The research and evaluation arm of the Department of Justice, the NIJ funds research to develop evidence for improving the justice system based on the priorities of the White House and Congress, with a particular emphasis on the development of technology. This research is disseminated to policymakers, but there is no lobbying effort to ensure uptake. Indeed, using NIJ funding to push for uptake is strictly forbidden. In addition, the NIJ’s status within the DoJ, administration-led prioritisation, and politically appointed head places it under political constraints that may not permit optimal policy suggestions. Total funding for the NIJ in combination with the Bureau of Justice Statistics varies, but is generally under $100m in a given year.
The Department of Justice, in addition to its core work, offers a wide range of grants supporting the adoption of trialled strategies, including hot-spot policing, funding officers, resource provision for sexual assault kit processing, and training programmes. Uptake of these grants is dependent on applications, and it is very possible that this selection filter will mean that these grants are allocated to organisations that are already proactively seeking improvement.
The PPSPP is largely focusing on reducing prison, probation, and parole populations, with a particular emphasis on racial disparities. At least some work is spent on “strategies to ensure that people accused of crimes appear in court”. The total budget, and its breakdown, is not readily available.
A large number of smaller and local trusts focus on particular strands of crime - the Isabel Allende Foundation, Channel Foundation, and AT&T foundation on violence against women and girls, the Allstate Foundation and Alphawood Foundation, on domestic violence, the David Bohnett Foundation on gun violence, and so on. Generalist organisations looking to improve policing and sentencing practices appear relatively rare.
This may be because crime is more salient to the poor than to high socioeconomic status people, who self-sort into expensive low-crime areas. As a result of this low salience, the cause area may be relatively easy to overlook as a cause of significant welfare losses relative to concerns more immediately applicable.
Combined with the points in the section on tractability, it seems plausible that there is a gap in the market for work directed at crime prevention, that there would be policy wins available, and that this could be achieved at reasonable cost.

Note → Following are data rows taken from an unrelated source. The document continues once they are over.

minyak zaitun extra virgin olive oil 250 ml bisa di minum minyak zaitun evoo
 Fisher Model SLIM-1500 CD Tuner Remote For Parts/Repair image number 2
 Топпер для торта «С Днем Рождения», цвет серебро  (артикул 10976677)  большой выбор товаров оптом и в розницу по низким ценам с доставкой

Briefly, crime imposes very large societal costs which are highly unevenly distributed. A reasonable estimate of the direct costs in terms of harm and crime prevention is in the region of 7-11% of US GDP. Once broader costs such as urban sprawl and foregone investment are factored in, the cost of crime is likely to be significantly higher.
Current criminal justice practices do not seem to be optimised for crime reduction. The uneven distribution of criminal activity - highly concentrated among a handful of repeat offenders - and less effective nature of short centres suggest that a prison policy focused around incapacitation of the most serious offenders may produce large welfare gained, particularly if implemented alongside investments in elements of the physical environment and policing practices to deter crime in particular areas.
While there are funding organisations working on criminal justice reform, there seem to be relatively few focusing on crime reduction specifically. There is likely to be scope for improvement in practices by evening quality of policing and sentencing.